Hacer música es un juego muy divertido.
Yo soy el dueño y señor de mi ecosistema musical, hago y deshago sin contemplaciones.
Enciendo mi ordenador, que es tanto como decir que pongo en marcha un universo de posibilidades sonoras.
Así que, ya lo puedo decir......., Soy el dios de mi mundo musical.
Con tamaños poderes decido en cada momento qué cosa saldrá de mi laboratorio. Puedo recrear un infierno distorsionado y cargado de ruidos, acoples infernales, disonancias, todo tipo de desazones cognitivas-auditivas...y quedarme tan tranquilo. Es mi mundo y yo soy el supremo regidor.

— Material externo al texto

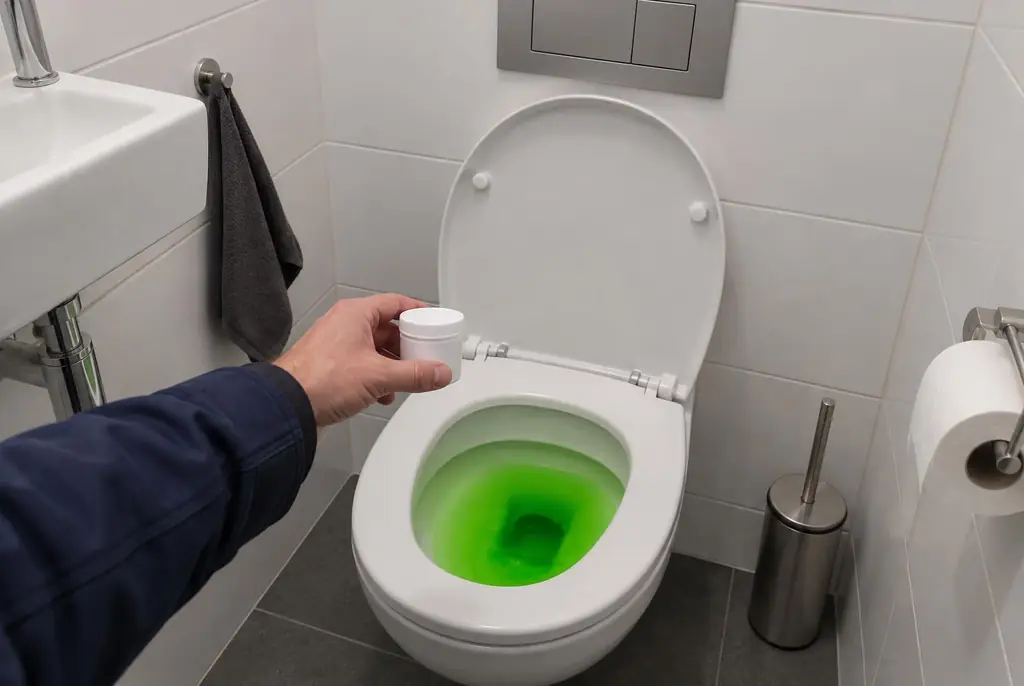 Lekdetectie Papendrecht – kleurstoftest bij een lekkend toilet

O también puedo crear sedosas nubes hechas con los más angelicales pads que pueda imaginar. Sonidos que aparecen al amanecer, regados con el sutil encanto de una brisa que resbala hacia mis oídos, envolviéndome en un ensueño de música angelical.

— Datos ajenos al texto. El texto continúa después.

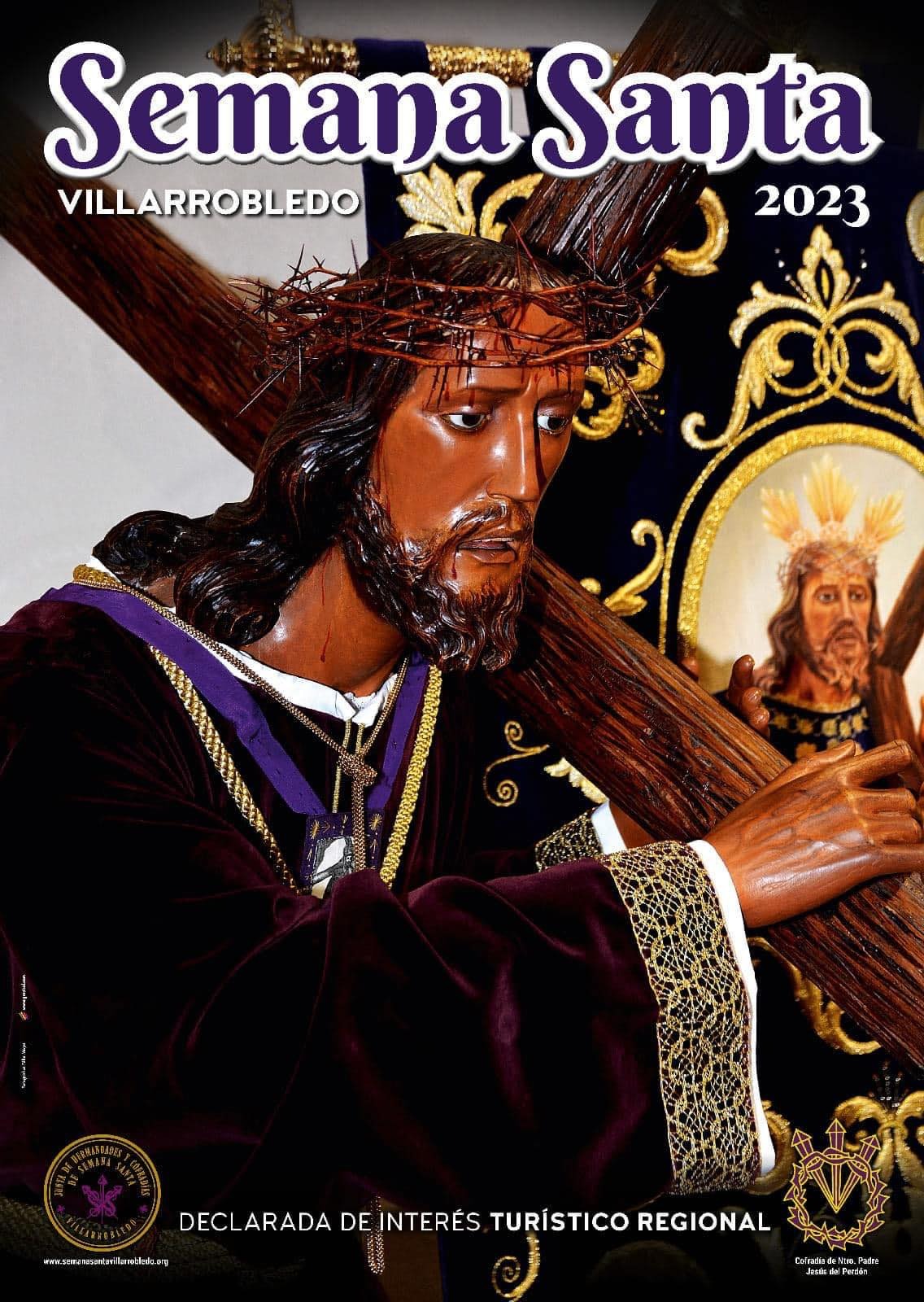 Cartel de la Semana Santa 2023 de Villarrobledo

O crearé una jungla de libertad creadora, en donde cada sonido evolucionará sin pedir permiso, sin seguir normas establecidas. Todo ello enmarcado en compases locos: 79x342, 112x11. 2.148x93... Y así hasta que la imaginación colapse en sí misma, cegada por la eclosión de nuevos colores que voy descubriendo al mismo tiempo que los pienso. Un mundo sin reglas, o con reglas que cambian a cada instante, y en el que se unirán sonidos de motosierras con cantos tribales, gritos con sollozos, vientos percutidos con cuerdas teóricas.

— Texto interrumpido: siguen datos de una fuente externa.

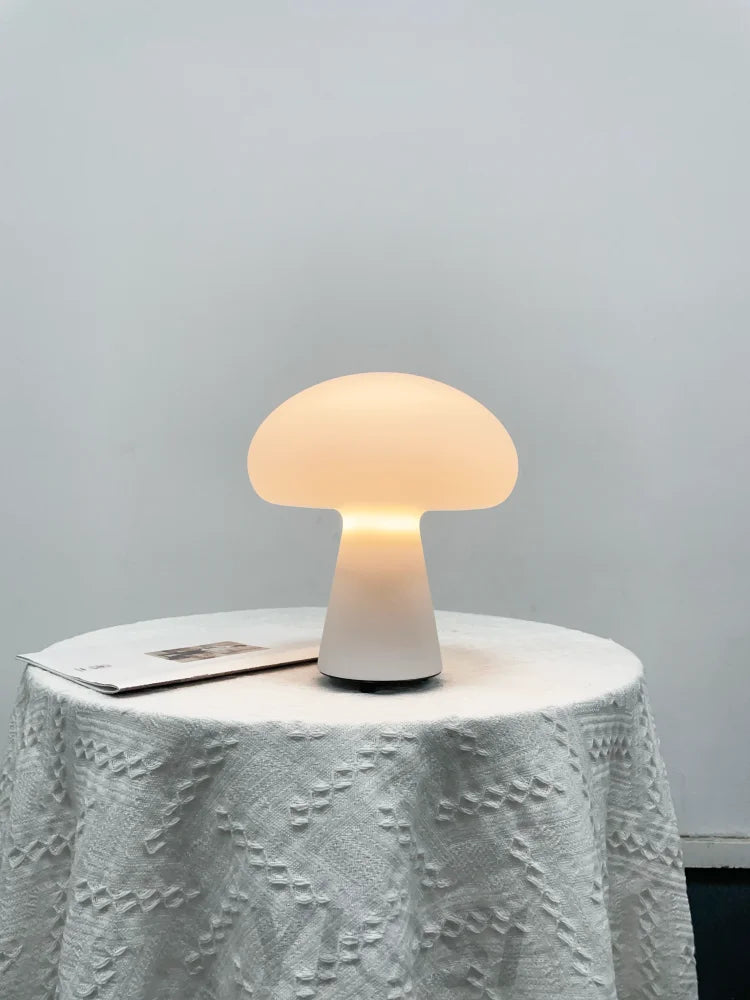 Frosted Glass Obello Table Lamp Lamp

Después de todo, soy el dios de mi propio mundo, y a nadie le importa si creo o destruyo.
Bueno, a nadie le importa mientras me revuelco en mi propio mundo.
Pero si tengo que vivir de la música, ahí la cosa cambia. Desde el momento en que quiero compartir lo mío con lo de otros, por la razón que sea, ahí sí cambia la cosa.
Porque somos seres sociales, y una de las cosas que hacemos los seres sociales es compartir-compartirnos.
Y esa en una grandeza que eclipsa totalmente cualquier idea netamente masturbatoria.
Por muy grande que sea ese mundo interior, personal y secreto...por muy poderoso, alucinante, abarcador, desafiante...al final, siempre encuentro el sentido de la música cuando lo comparto.
Y para ello debo estar abierto al otro, entender al otro, seducir al otro, animar al otro y, finalmente, desterrar cualquier asomo de recelo para poder adentrarme hasta el fondo mismo del otro.
Y así, por muy poderoso que sea mi mundo interior musical, prefiero el mundo que se crea cuando dos dioses comparten ese pequeño estudio de grabación.